=== Section Start ===

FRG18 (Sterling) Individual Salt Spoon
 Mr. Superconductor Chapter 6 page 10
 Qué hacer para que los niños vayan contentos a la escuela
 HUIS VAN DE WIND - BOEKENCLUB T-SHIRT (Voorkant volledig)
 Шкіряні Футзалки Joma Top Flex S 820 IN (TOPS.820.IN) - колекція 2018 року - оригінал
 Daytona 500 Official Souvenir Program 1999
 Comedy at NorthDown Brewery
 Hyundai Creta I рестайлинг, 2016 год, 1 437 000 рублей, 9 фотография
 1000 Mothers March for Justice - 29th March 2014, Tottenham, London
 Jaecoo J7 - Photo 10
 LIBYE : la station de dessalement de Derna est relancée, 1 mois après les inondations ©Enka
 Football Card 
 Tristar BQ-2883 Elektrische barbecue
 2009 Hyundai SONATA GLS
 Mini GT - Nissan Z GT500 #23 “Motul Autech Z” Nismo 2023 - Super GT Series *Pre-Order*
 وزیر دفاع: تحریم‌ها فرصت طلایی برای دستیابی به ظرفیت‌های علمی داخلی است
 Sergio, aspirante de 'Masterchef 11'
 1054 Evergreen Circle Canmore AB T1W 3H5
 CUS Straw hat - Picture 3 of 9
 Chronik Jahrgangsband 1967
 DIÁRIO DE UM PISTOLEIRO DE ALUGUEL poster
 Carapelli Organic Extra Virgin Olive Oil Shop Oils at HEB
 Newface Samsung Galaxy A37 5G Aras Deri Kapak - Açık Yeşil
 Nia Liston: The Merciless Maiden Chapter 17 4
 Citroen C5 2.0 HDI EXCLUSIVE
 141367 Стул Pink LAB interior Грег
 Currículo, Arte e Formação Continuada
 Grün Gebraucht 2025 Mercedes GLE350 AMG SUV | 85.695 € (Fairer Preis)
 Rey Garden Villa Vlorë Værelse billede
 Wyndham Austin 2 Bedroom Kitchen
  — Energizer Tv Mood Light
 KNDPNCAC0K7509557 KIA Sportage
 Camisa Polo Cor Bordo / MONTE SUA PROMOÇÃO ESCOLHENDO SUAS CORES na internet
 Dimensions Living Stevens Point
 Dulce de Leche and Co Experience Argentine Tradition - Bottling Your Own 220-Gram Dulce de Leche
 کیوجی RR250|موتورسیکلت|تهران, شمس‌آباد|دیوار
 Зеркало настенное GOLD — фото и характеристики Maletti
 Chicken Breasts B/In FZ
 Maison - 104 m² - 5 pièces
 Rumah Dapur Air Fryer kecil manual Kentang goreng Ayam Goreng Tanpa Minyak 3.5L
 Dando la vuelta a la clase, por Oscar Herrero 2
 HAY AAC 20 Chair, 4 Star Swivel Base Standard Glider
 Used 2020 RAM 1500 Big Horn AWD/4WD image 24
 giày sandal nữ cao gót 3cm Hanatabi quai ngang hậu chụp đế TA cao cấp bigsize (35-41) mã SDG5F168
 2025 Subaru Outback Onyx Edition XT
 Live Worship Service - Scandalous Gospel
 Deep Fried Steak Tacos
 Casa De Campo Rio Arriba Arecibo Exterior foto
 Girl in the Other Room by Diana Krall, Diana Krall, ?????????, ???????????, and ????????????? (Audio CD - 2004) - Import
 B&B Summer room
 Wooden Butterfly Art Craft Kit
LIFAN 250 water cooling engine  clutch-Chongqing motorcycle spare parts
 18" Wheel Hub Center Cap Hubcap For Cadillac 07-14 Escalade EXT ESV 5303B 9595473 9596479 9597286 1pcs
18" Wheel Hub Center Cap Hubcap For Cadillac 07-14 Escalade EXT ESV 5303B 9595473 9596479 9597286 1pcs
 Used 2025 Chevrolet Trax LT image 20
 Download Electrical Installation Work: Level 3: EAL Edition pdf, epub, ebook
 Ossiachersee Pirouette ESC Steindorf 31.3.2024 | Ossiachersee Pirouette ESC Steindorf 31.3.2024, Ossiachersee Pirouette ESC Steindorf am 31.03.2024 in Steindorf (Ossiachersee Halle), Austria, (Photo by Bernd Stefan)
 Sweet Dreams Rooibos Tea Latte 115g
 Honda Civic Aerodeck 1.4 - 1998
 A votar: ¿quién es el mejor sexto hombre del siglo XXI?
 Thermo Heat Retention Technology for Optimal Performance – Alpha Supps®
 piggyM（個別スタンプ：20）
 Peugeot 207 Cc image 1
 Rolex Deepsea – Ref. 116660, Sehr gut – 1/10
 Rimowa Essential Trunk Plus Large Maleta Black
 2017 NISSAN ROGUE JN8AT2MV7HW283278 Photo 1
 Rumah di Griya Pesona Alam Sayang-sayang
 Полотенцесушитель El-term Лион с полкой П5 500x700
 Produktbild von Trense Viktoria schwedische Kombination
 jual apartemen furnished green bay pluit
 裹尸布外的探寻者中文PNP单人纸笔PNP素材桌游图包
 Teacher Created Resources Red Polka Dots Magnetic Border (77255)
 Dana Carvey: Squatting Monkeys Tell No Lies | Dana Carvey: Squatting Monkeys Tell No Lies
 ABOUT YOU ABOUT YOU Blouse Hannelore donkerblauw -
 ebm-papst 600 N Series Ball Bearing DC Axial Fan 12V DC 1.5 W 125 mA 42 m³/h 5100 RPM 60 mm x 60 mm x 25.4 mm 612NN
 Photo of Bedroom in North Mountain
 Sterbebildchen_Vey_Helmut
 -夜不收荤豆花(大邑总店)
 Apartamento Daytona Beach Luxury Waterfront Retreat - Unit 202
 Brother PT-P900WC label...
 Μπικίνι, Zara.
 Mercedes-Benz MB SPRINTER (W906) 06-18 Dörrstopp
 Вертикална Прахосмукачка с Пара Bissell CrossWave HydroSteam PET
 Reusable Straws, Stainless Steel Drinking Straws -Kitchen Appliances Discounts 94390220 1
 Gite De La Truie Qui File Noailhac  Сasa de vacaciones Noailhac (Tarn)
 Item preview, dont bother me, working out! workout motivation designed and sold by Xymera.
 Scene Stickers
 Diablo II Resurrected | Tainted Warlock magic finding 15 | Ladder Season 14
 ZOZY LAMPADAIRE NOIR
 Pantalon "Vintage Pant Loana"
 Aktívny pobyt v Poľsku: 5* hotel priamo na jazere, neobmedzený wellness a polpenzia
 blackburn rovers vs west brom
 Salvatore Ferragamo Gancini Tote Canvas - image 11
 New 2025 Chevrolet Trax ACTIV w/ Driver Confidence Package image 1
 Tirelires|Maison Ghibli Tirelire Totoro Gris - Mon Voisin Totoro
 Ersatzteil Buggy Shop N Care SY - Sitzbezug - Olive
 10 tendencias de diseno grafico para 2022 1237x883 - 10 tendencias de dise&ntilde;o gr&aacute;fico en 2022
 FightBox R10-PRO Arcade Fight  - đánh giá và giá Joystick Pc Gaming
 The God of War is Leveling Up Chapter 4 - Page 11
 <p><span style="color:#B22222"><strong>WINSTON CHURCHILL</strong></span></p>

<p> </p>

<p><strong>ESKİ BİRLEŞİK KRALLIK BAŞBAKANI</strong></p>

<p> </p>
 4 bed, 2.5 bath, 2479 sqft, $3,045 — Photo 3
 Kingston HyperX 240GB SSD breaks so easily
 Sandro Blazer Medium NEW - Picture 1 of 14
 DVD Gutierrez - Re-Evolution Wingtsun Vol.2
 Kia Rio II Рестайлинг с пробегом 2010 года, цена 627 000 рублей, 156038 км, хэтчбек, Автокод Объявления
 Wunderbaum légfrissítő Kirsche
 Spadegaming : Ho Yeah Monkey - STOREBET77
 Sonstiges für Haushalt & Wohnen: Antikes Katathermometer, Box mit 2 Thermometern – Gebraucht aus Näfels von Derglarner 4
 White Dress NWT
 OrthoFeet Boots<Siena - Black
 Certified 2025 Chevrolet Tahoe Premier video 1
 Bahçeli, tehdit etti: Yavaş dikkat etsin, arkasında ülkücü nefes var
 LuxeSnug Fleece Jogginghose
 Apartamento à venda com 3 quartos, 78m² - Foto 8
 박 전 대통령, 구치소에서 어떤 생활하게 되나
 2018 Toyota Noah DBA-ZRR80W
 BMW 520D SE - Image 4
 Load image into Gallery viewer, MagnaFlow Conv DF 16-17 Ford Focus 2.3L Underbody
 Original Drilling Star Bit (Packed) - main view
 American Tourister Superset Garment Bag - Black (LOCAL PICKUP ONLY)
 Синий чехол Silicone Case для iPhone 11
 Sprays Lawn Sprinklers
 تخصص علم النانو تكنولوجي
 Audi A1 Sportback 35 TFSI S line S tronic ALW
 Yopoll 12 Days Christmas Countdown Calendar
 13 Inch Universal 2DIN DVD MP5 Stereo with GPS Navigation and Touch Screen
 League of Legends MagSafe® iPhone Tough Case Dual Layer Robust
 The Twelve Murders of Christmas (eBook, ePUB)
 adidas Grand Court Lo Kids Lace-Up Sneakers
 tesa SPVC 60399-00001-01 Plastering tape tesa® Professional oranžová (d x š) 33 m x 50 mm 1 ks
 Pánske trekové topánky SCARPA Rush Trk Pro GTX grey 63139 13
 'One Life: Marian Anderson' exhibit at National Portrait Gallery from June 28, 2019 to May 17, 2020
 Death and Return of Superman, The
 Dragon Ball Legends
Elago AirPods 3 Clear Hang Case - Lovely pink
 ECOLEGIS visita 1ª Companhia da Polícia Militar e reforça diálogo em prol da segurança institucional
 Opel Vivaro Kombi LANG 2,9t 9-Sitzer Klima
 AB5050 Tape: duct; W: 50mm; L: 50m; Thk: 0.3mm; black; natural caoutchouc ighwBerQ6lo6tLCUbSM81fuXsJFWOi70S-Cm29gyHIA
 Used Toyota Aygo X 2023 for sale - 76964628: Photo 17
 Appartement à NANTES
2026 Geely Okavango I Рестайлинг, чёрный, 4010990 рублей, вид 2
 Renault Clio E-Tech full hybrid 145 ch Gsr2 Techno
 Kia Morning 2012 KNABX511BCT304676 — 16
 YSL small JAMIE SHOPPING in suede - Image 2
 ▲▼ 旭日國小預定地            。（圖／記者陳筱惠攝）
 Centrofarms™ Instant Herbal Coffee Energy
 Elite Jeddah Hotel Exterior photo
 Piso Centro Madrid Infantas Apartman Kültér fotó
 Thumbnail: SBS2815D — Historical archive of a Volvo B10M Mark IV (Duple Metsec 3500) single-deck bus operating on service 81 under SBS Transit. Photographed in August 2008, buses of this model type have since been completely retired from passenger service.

=== Section End ===

> **Work item**: Would you set down, word for word, the lines from the opening of the entries above through the line with "Mini GT - Nissan", both included, and no others?

> **Task answer**:
FRG18 (Sterling) Individual Salt Spoon
 Mr. Superconductor Chapter 6 page 10
 Qué hacer para que los niños vayan contentos a la escuela
 HUIS VAN DE WIND - BOEKENCLUB T-SHIRT (Voorkant volledig)
 Шкіряні Футзалки Joma Top Flex S 820 IN (TOPS.820.IN) - колекція 2018 року - оригінал
 Daytona 500 Official Souvenir Program 1999
 Comedy at NorthDown Brewery
 Hyundai Creta I рестайлинг, 2016 год, 1 437 000 рублей, 9 фотография
 1000 Mothers March for Justice - 29th March 2014, Tottenham, London
 Jaecoo J7 - Photo 10
 LIBYE : la station de dessalement de Derna est relancée, 1 mois après les inondations ©Enka
 Football Card 
 Tristar BQ-2883 Elektrische barbecue
 2009 Hyundai SONATA GLS
 Mini GT - Nissan Z GT500 #23 “Motul Autech Z” Nismo 2023 - Super GT Series *Pre-Order*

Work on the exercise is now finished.